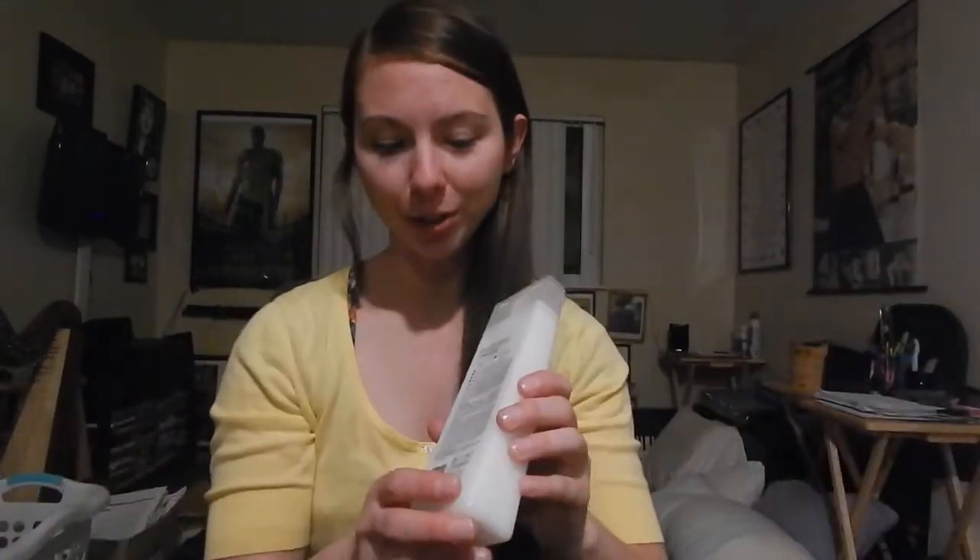Next I'm going to move on to the conditioner. On here it says for normal to dry hair. My hair generally tends to be oily, but it's inevitable that the ends will be dry, especially with longer hair. So this one is amazing for the ends because I only apply conditioner to the ends down.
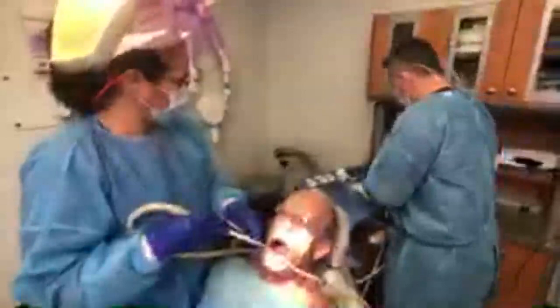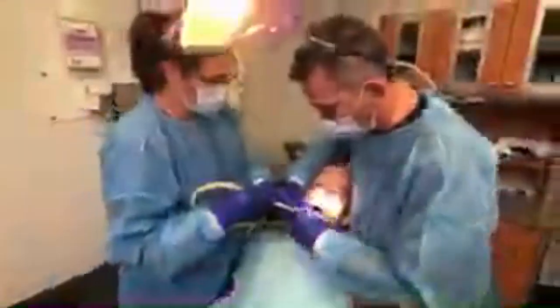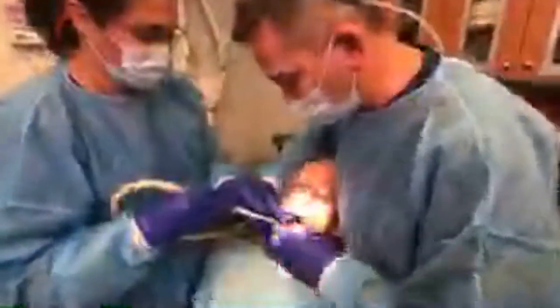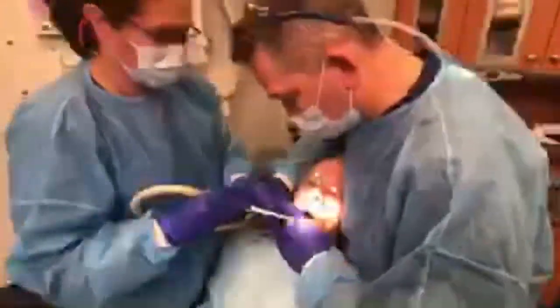It just drills right into the hole. I'm going to place it like so and then use this ratchet for the final torquing and placement. His bone is fantastic, but he does have that concavity to be careful about. And that's it — that's the dental implant placed.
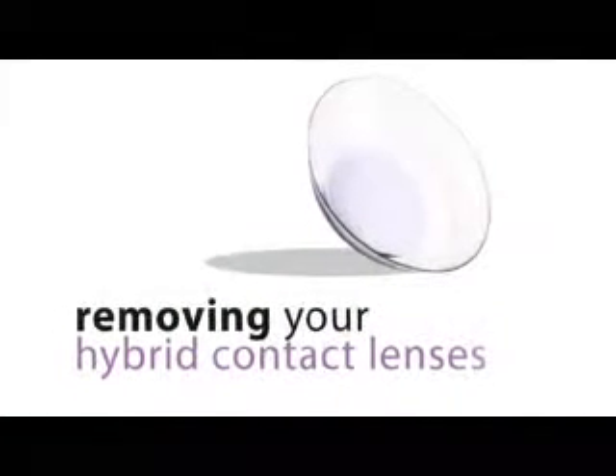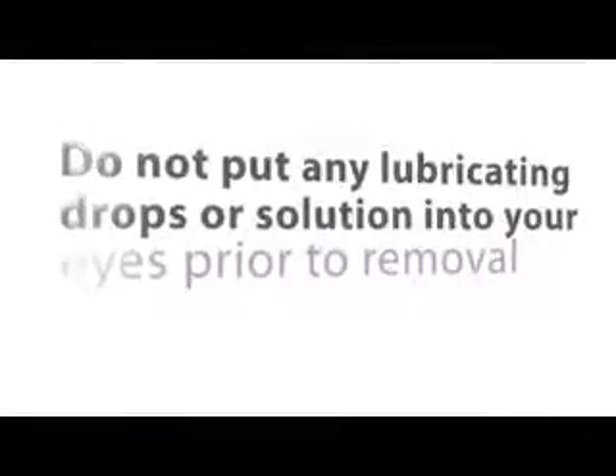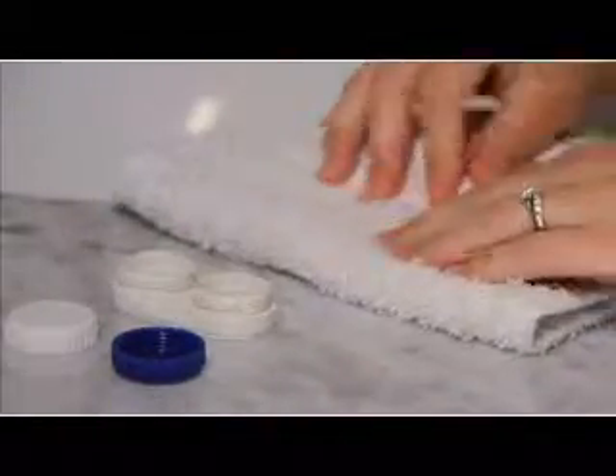Now let's take a few minutes to review how to remove your hybrid contact lenses. Before you remove your lenses, thoroughly wash your hands with a mild, lanolin-free soap and then dry them with a clean, lint-free towel. Do not put any lubricating drops or solution into your eyes prior to removal. It's important to be sure your hands are completely dry before attempting to remove your lenses — this will optimize the gripping effect of the fingers on the edge of the lens. If the lens or your fingers are wet when attempting to remove your hybrid lenses, it can make it difficult to grasp the lens effectively. If your fingers become wet from removing the first lens, be sure to completely dry them again before removing the other lens.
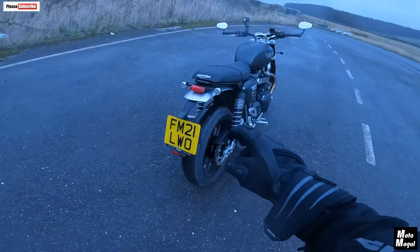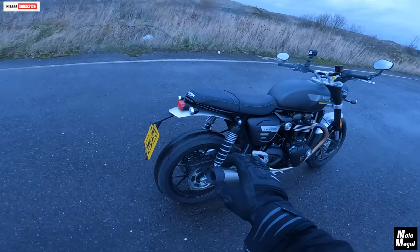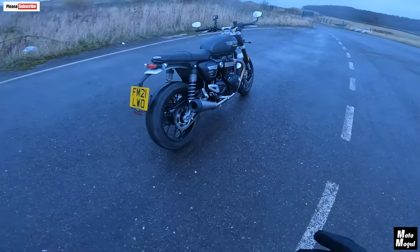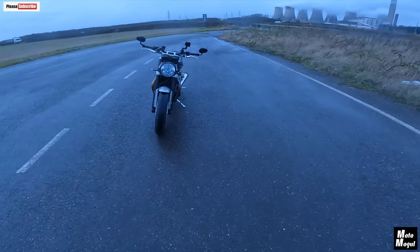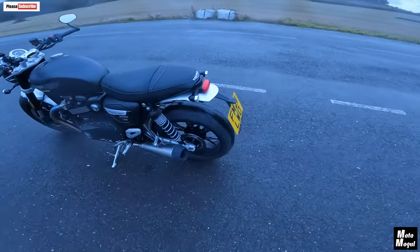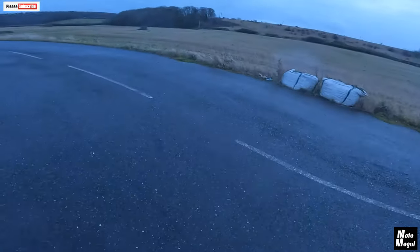This tail end here would look so much better on the Bonneville T120, I think. I just prefer it to that drop-down mudguard that the Bonneville has on it. Look at it — every angle — it hasn't got a bad side, has it? Beautiful bike. Let's do a walk-around while I'm gushing away.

-- What you have to do --
Omit the pictures and give the material again, exactly and in full.

-- Output for this task --
Next I'm going to move on to the conditioner. On here it says for normal to dry hair. My hair generally tends to be oily, but it's inevitable that the ends will be dry, especially with longer hair. So this one is amazing for the ends because I only apply conditioner to the ends down.
It just drills right into the hole. I'm going to place it like so and then use this ratchet for the final torquing and placement. His bone is fantastic, but he does have that concavity to be careful about. And that's it — that's the dental implant placed.
Now let's take a few minutes to review how to remove your hybrid contact lenses. Before you remove your lenses, thoroughly wash your hands with a mild, lanolin-free soap and then dry them with a clean, lint-free towel. Do not put any lubricating drops or solution into your eyes prior to removal. It's important to be sure your hands are completely dry before attempting to remove your lenses — this will optimize the gripping effect of the fingers on the edge of the lens. If the lens or your fingers are wet when attempting to remove your hybrid lenses, it can make it difficult to grasp the lens effectively. If your fingers become wet from removing the first lens, be sure to completely dry them again before removing the other lens.
This tail end here would look so much better on the Bonneville T120, I think. I just prefer it to that drop-down mudguard that the Bonneville has on it. Look at it — every angle — it hasn't got a bad side, has it? Beautiful bike. Let's do a walk-around while I'm gushing away.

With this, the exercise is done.